Exercise brief: Every line below must be copied as written, except for pictures.

Dataset section:

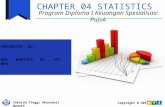 Chapter 04 Statistics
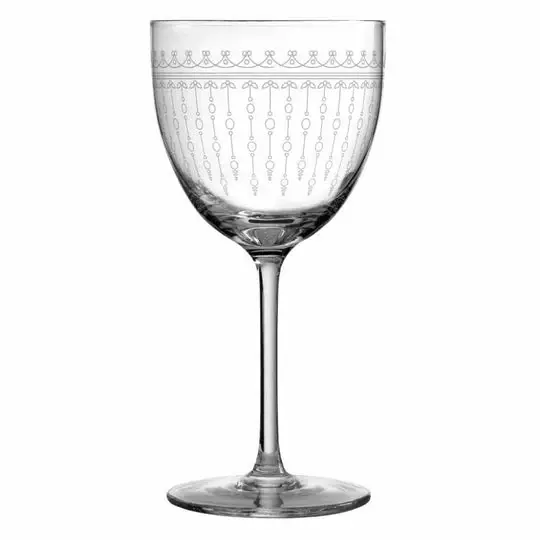 Bar Special Nick and Nora Etched Cocktail Glass 5.6oz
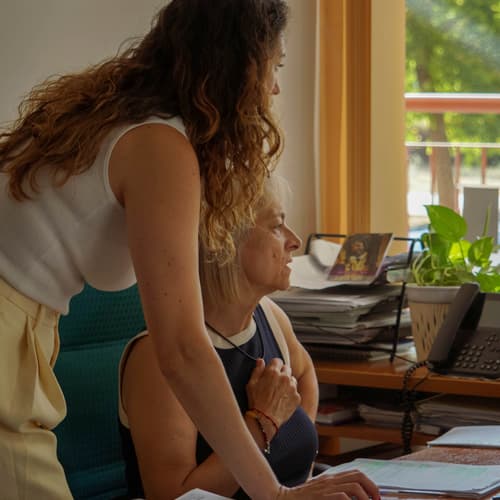 El equipo de Gohalfi Seviges, tu asesoría en Sevilla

Answer box:
 Chapter 04 Statistics
 Bar Special Nick and Nora Etched Cocktail Glass 5.6oz
 El equipo de Gohalfi Seviges, tu asesoría en Sevilla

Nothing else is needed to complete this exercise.